# Work to be completed
Reproduce exactly the span of lines beginning at the one with "Duke Sneakers Men White Sneakers" and ending at the last line of the data below, omitting pictures.

(Data entries)
------------------------------------

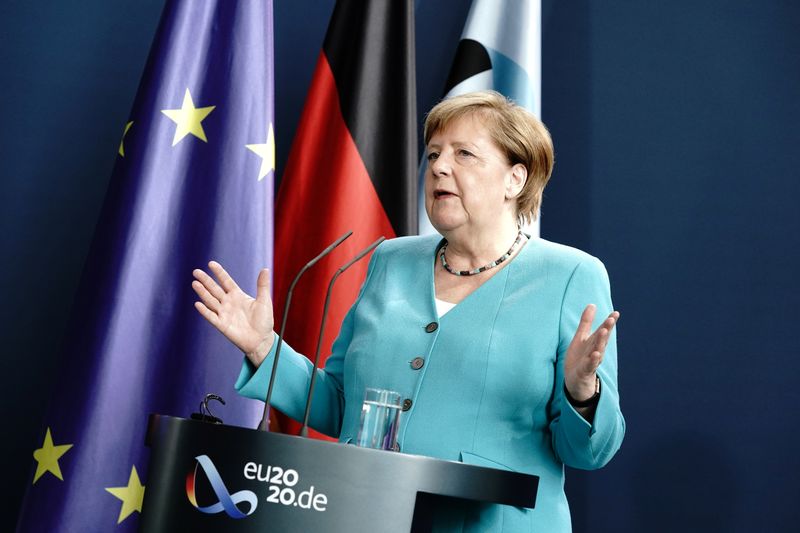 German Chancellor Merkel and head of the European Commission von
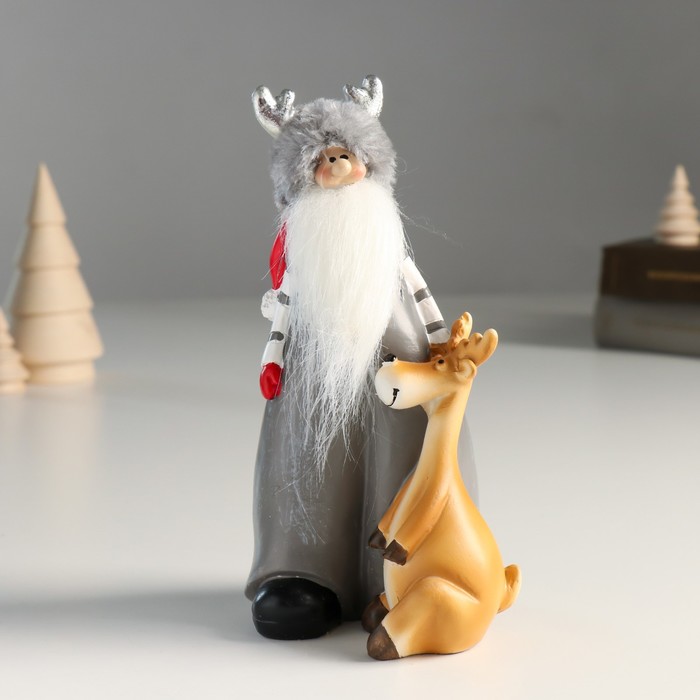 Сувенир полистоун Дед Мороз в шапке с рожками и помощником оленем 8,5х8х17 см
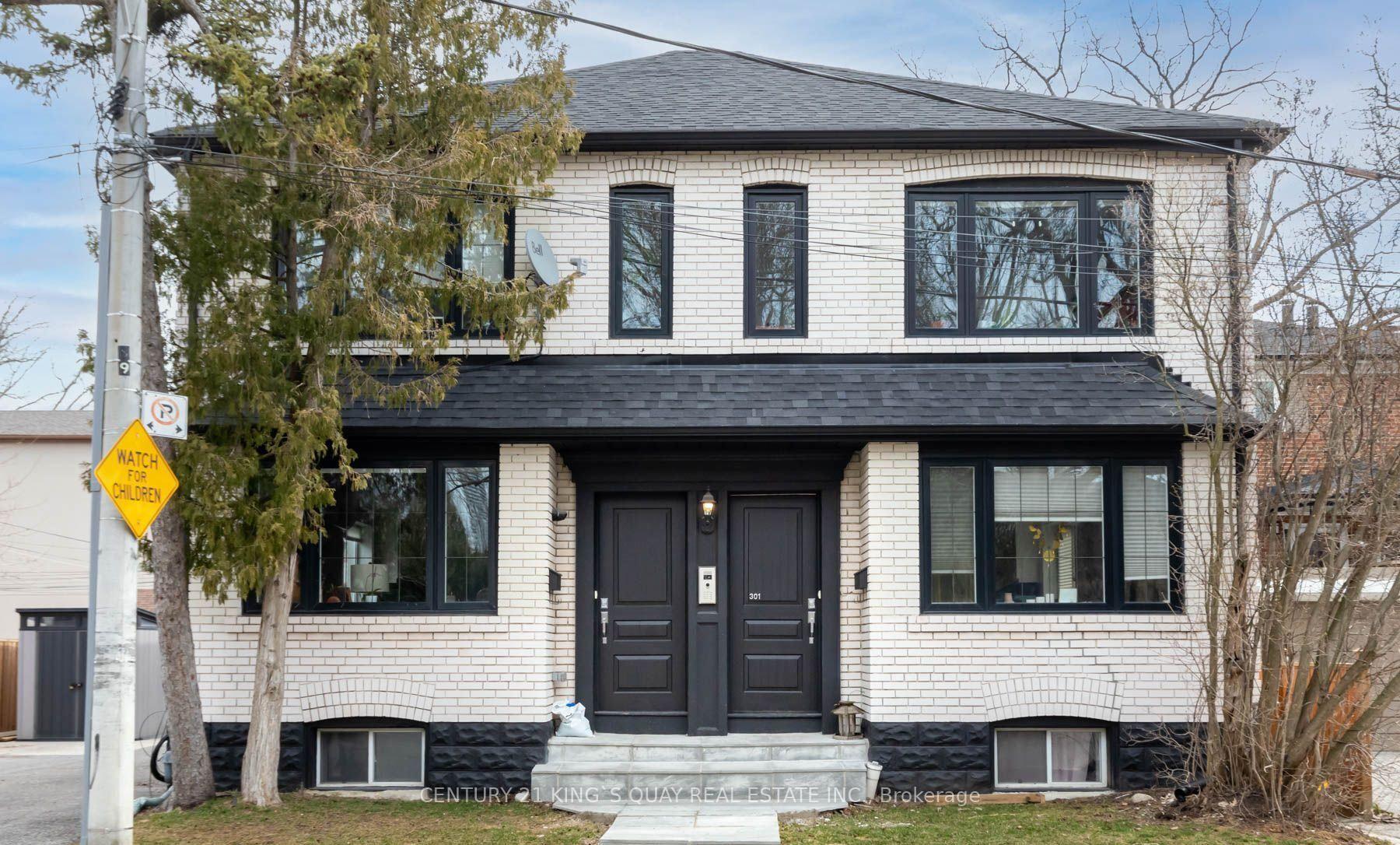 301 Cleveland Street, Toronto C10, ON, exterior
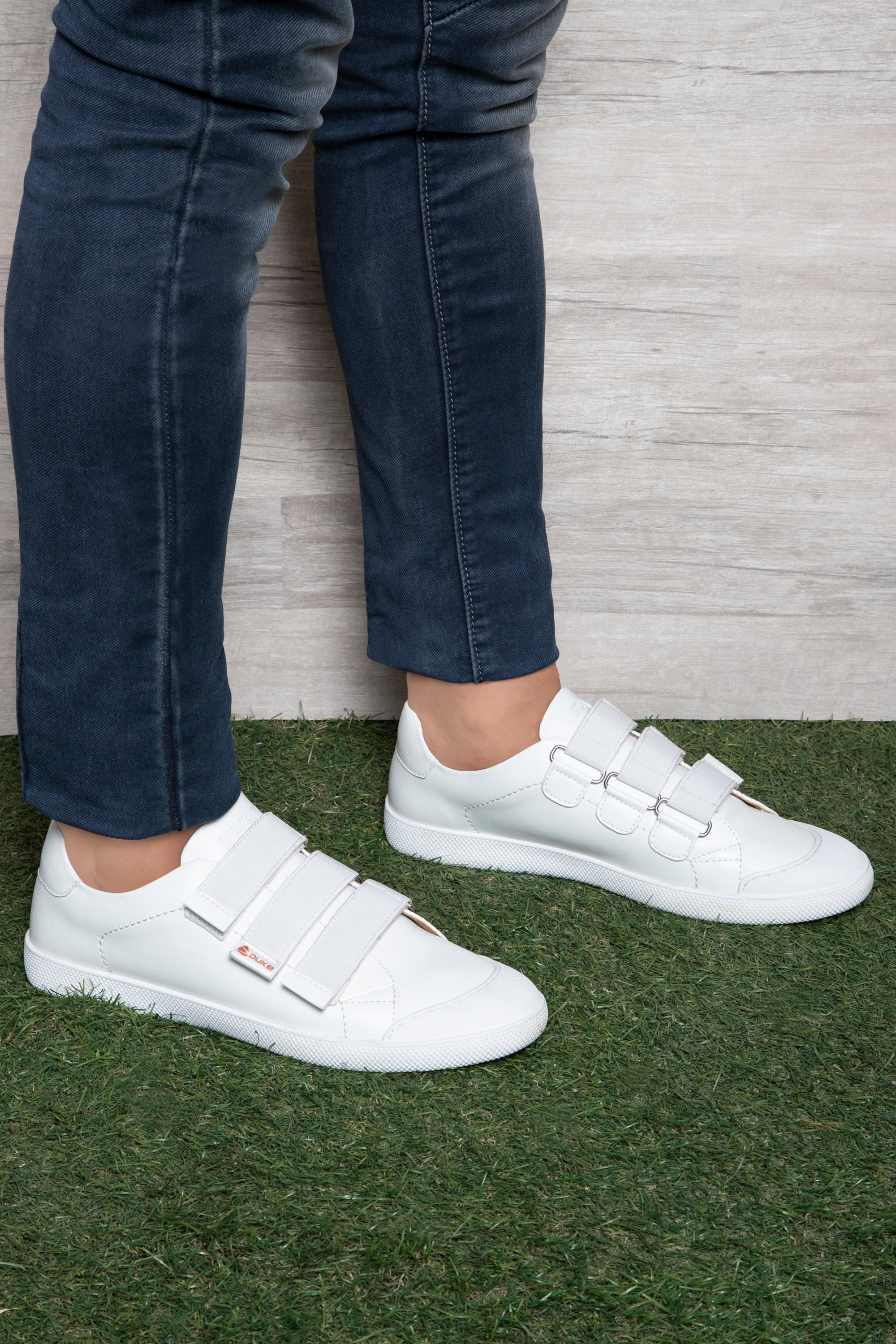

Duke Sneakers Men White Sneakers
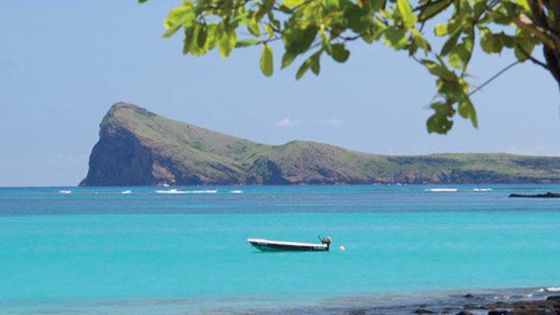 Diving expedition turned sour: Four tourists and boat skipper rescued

------------------------------------

# Answer to the problem
Duke Sneakers Men White Sneakers
 Diving expedition turned sour: Four tourists and boat skipper rescued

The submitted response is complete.